Final Rule for Standards for Privacy of Individually Identifiable Health Information. What the Rule Covers

Analysis by the AHIMA Policy and Government Relations Team

Administrative Requirements

Standard: Personnel Designations—Privacy Officer

The Rule states (§164.530(1)(i)) that: "A covered entity must designate a privacy official who is responsible for the development and implementation of the policies and procedures of the entity." The Rule also states (§164.530(ii)) that "A covered entity must designate a contact person or office who is responsible for receiving complaints under this…[Rule] and who is able to provide further information about matters covered by the Notice of Privacy Practices."

{Note that AHIMA has published a position description for the Privacy Officer).

Specifications: Personnel Designations
The personnel and offices selected in these two designations – privacy official and contact person – must be documented per the Rules documentation requirements and requirements in the Notice.

{Note again, that the contact person and privacy official (officer) do not necessarily have to be the same individual.}

Standard: Training

"A covered entity (§164.530(b)(1)) must train all members of its workforce on the policies and procedures with respect to PHI required by this…[Rule]…as necessary and appropriate for the members of the workforce to carry out their function within the covered entity."

Specifications: Training
To meet this requirement, training must:

  • Be provided to "each member of the covered entity’s workforce by no later than the compliance date for the covered entity;"

  • "Thereafter" provide such training "to each new member of the workforce within a reasonable period of time after the person joins the covered entity’s workforce; and

  • Provide additional training "To each member of the covered entity’s workforce whose functions are affected by a material change in the policies or procedures required by this..[Rule]..within a reasonable period of time after the material change becomes effective."

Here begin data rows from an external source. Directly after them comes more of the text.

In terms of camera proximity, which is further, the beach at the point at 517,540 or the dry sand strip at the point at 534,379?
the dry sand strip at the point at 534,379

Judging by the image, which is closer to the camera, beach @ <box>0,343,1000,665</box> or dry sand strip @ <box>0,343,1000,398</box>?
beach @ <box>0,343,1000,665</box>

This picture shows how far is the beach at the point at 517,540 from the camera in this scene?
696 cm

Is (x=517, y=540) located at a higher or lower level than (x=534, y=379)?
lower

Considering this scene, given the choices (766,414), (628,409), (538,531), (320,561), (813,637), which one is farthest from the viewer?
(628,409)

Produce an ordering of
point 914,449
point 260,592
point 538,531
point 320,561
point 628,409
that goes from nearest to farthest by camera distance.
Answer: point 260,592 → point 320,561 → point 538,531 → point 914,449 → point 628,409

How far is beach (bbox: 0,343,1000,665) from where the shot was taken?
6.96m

A covered entity must document that the training as described has been provided.

{The training described here is significant in meeting the compliance requirements of the Rule. Since just about all members of the workforce have the potential to come across some amount and/or form of PHI, training will have to be directed to all workforce members. This does not mean that all members should or need to be trained to the same degree or amount. The Rule does not designate who should do the training, although there are some assumptions in impact analysis (65FR82758). The size of the workforce and turnover of that workforce will also affect just how the training is given and what it covers.

Documentation of training should be done both on a entity-wide and individual basis. A signed statement of training by the individual workforce member will be helpful to show that training has occurred. This can also be used for enforcement purposes.}

Standards: Safeguards

"A covered entity (§164.530(C)(1)) must have in place appropriate administrative, technical, and physical safeguards to protect the privacy of PHI."

Specification: Safeguards
As such, the entity "must reasonably safeguard PHI from any intentional or unintentional use or disclosure that is in violation of the standards implementation specifications or other requirements of this" [Rule].

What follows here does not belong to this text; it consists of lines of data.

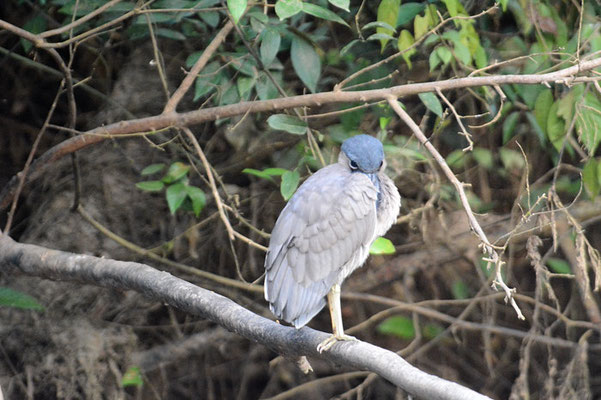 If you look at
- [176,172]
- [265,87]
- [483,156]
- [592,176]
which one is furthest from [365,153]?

{There is limited language here regarding safeguards. However, HIPAA also has a set of security regulations that will be issued and will work hand in hand with this Privacy rule.}

Standard: Complaints to the Covered Entity

A covered entity §164.530(d)(1)) "must provide a process for individuals to make complaints concerning the covered entity’s policies and procedures required by this..[Rule]..or its compliance with such policies and procedures of the requirements of this..[Rule]." A "covered entity must also document all complaints received and their disposition."

Standard: Sanctions

A covered entity (§164.530(e)(1)) "must have and apply appropriate sanctions against members of its workforce who fail to comply with the privacy policies and procedures of the covered entity or the requirements of" the Rule. This requirement or standard "does not apply to a member of the covered entity’s workforce with respect to actions that are covered by and that meet the conditions of" the Rule’s requirements for disclosures by whistleblowers and workforce member crime victims, or workforce members that are filing a complaint with the Secretary, testifying, assisting or participating in an investigation, compliance review or similar proceeding, or opposing any unlawful act or practice. "A covered entity must document the sanctions that are applied, if any."

Standard: Mitigation

"A covered entity (§164.530(f)) must mitigate, to the extent practicable, any harmful effect that is known to the covered entity as a use or disclosure of PHI in violation of its policies and procedures or the requirements of this [Rule] by the covered entity or its business associate."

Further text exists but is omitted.